I mean, again, if all you're looking at is a single hand of poker, you're totally at the whims of random chance, especially of hold 'em or stud, where you have no control over the cards you have. That's sort of the point; it's a betting game, not a card game per se.
 
I'm gonna pretend this thread is titled "Best Designed Games" and shout
pic270110.jpg
 
This is absolutely not true and I'm surprised to hear you say it.

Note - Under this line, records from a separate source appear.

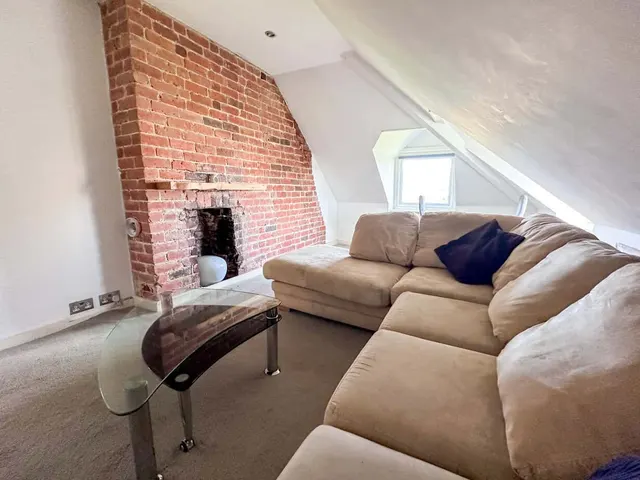 Hillcrest, West Hill, RH8, photo 2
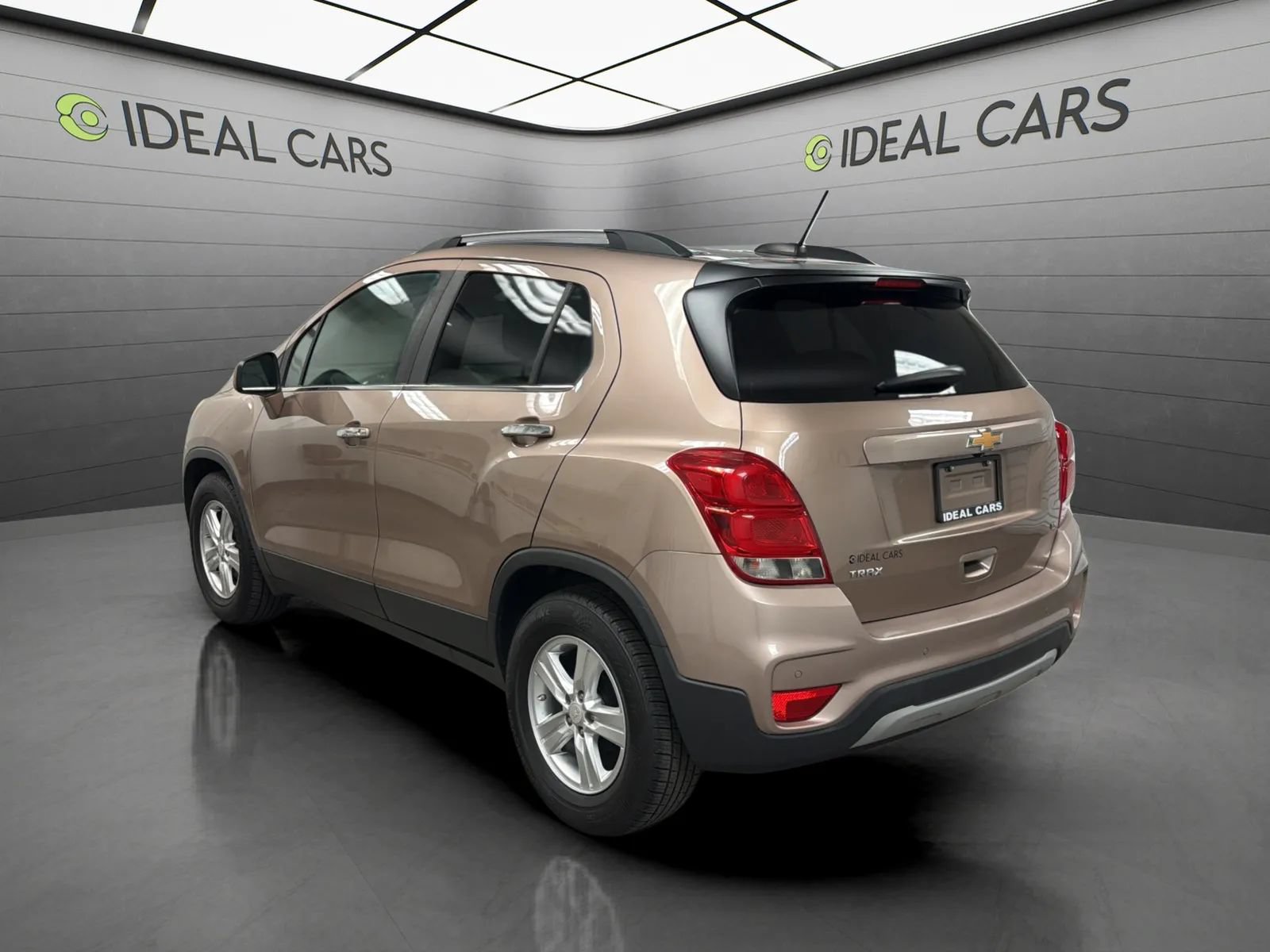 Used 2018 Chevrolet Trax LT w/ Driver Confidence Package FWD image 7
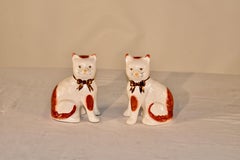 Paar Staffordshire Katzenfiguren, CIRCA 1970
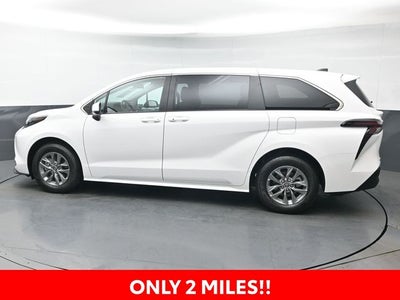 2026 Toyota Sienna LE 8 Passenger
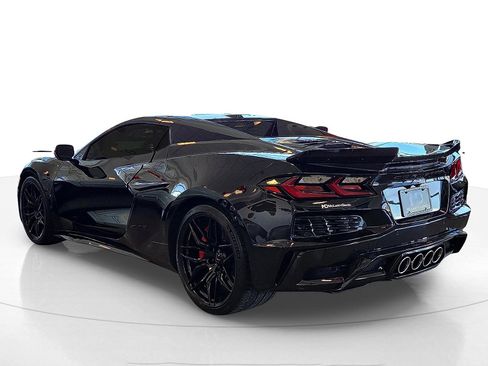 Used 2023 Chevrolet Corvette Z06 image 3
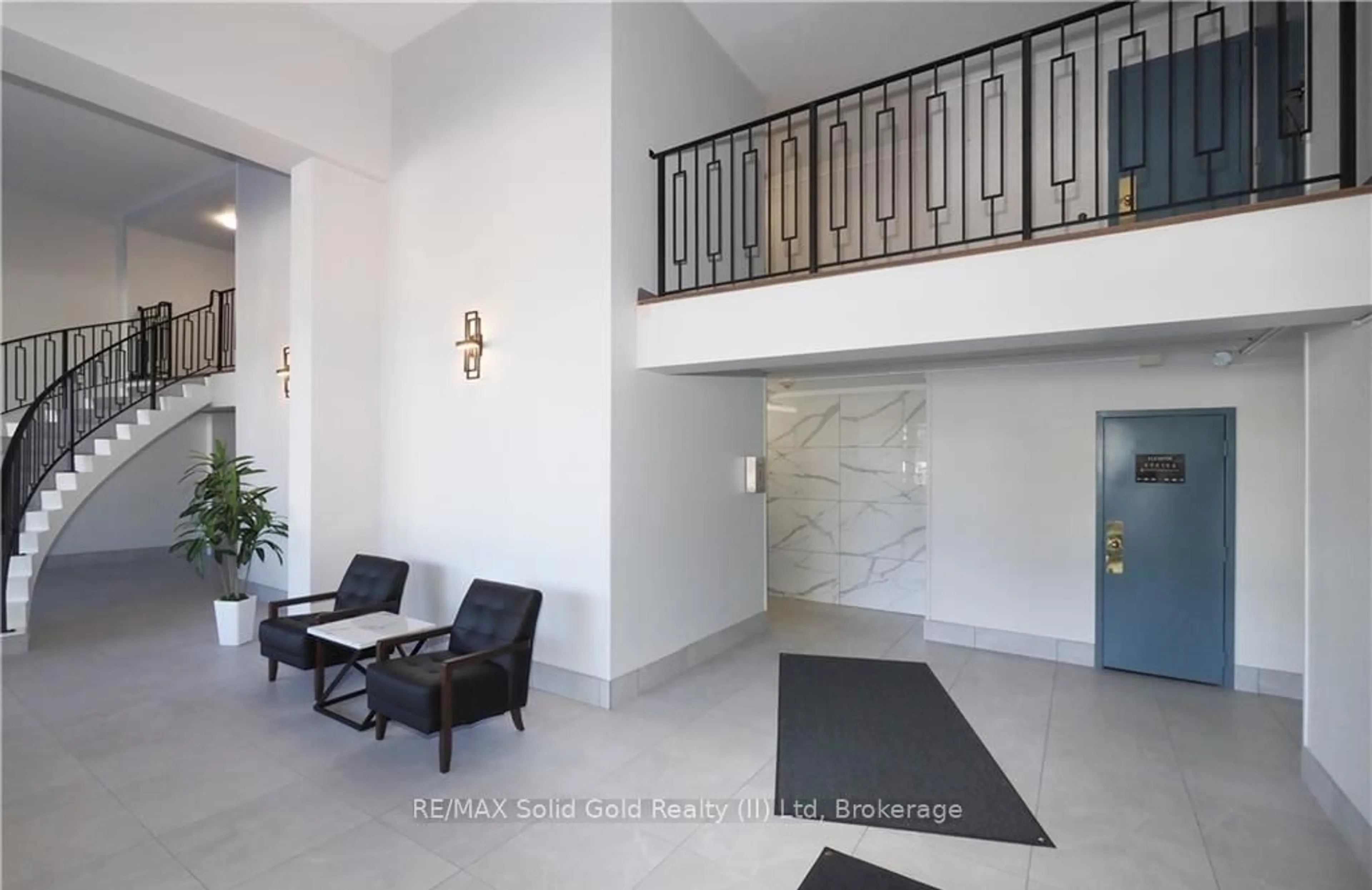Indoor foyer for 24 Midland Dr #105, Kitchener Ontario N2A 2A8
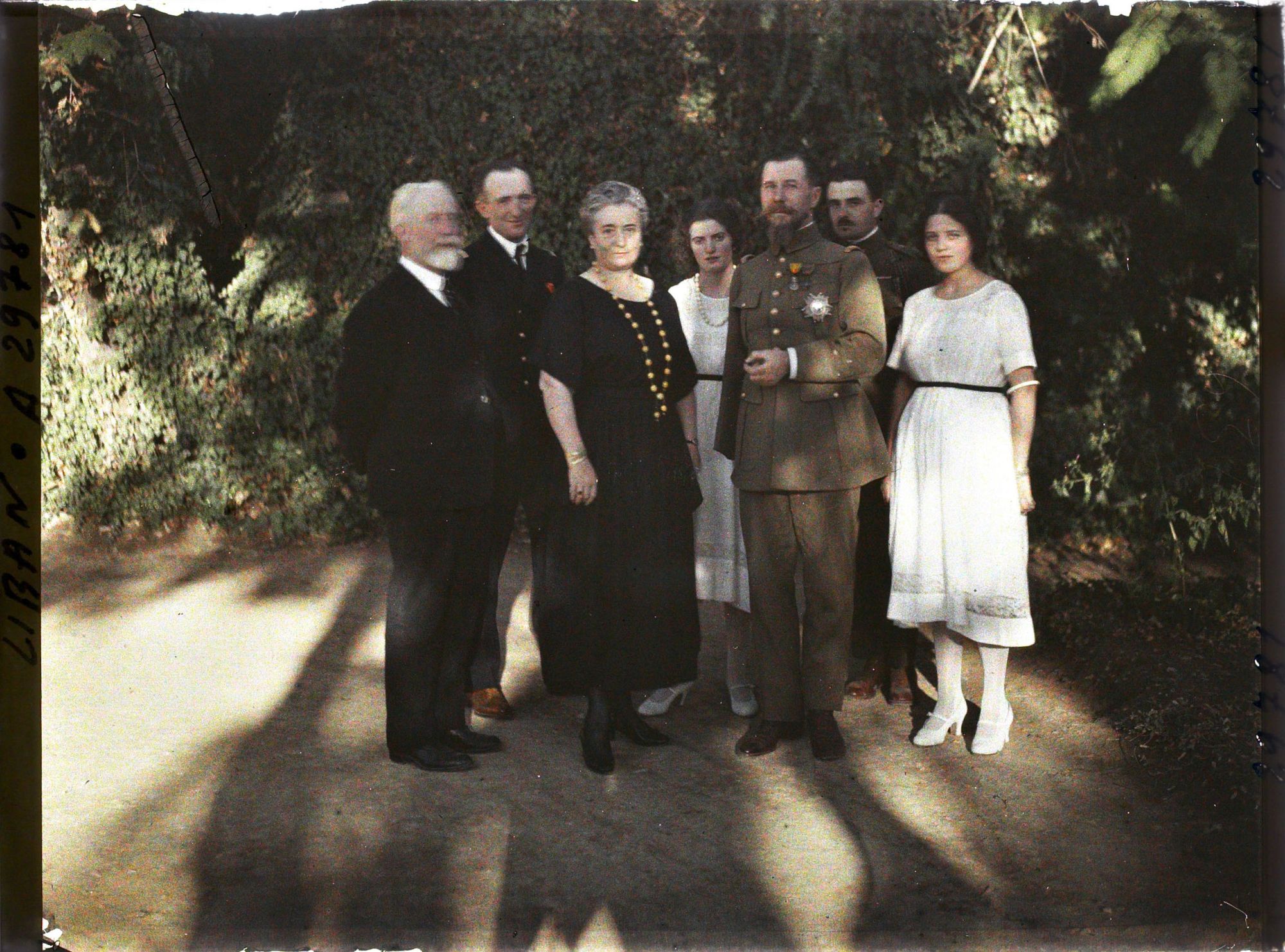 Image représentant Jean Brunhes, le général Gouraud, le gouverneur du Liban Georges Trabaud et sa famille et un militaire.
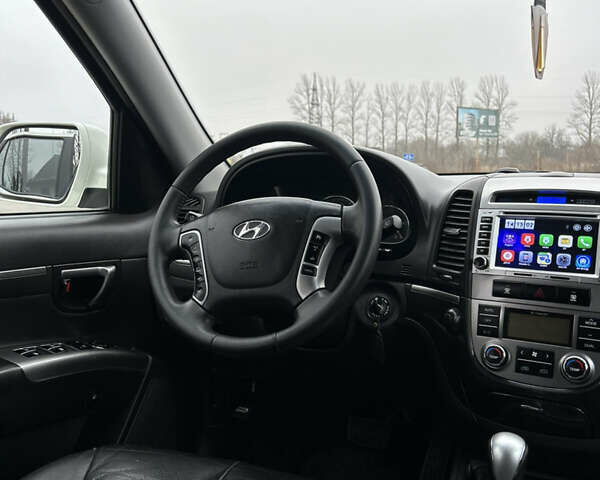 Білий Хендай Санта Фе, об'ємом двигуна 2.2 л та пробігом 183 тис. км за 13800 $, фото 70 на Automoto.ua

Everything else is basic math. What hands are best, what your odds are based on what you have (and what other people have if playing some variation where cards are face up - Texas holdem, etc). Anybody can learn the numbers. That does not require skill. There's nothing else to the game mechanically. It's all about playing your opponents. That's where all the skill is. .
 

FlowerSunRain

Contributor
The statement that "Anybody can learn the numbers. That does not require skill." is patently absurd. Skills are learned abilities. If you know them better than your opponent or are better at applying them than your opponent, you will win more games then them. That means you have greater skill at the game then your opponent. Any no-variance aspect of a game that does not involve reaction time/dexterity is "rote memorization" when distilled to its essence. Attempting to reduce that to irrelevance is demeaning to the efforts of the player who develop that skill.
 
The statement that "Anybody can learn the numbers. That does not require skill." is patently absurd. Skills are learned abilities. If you know them better than your opponent or are better at applying them than your opponent, you will win more games then them. That means you have greater skill at the game then your opponent. Any no-variance aspect of a game that does not involve reaction time/dexterity is "rote memorization" when distilled to its essence. Attempting to reduce that to irrelevance is demeaning to the efforts of the player who develop that skill.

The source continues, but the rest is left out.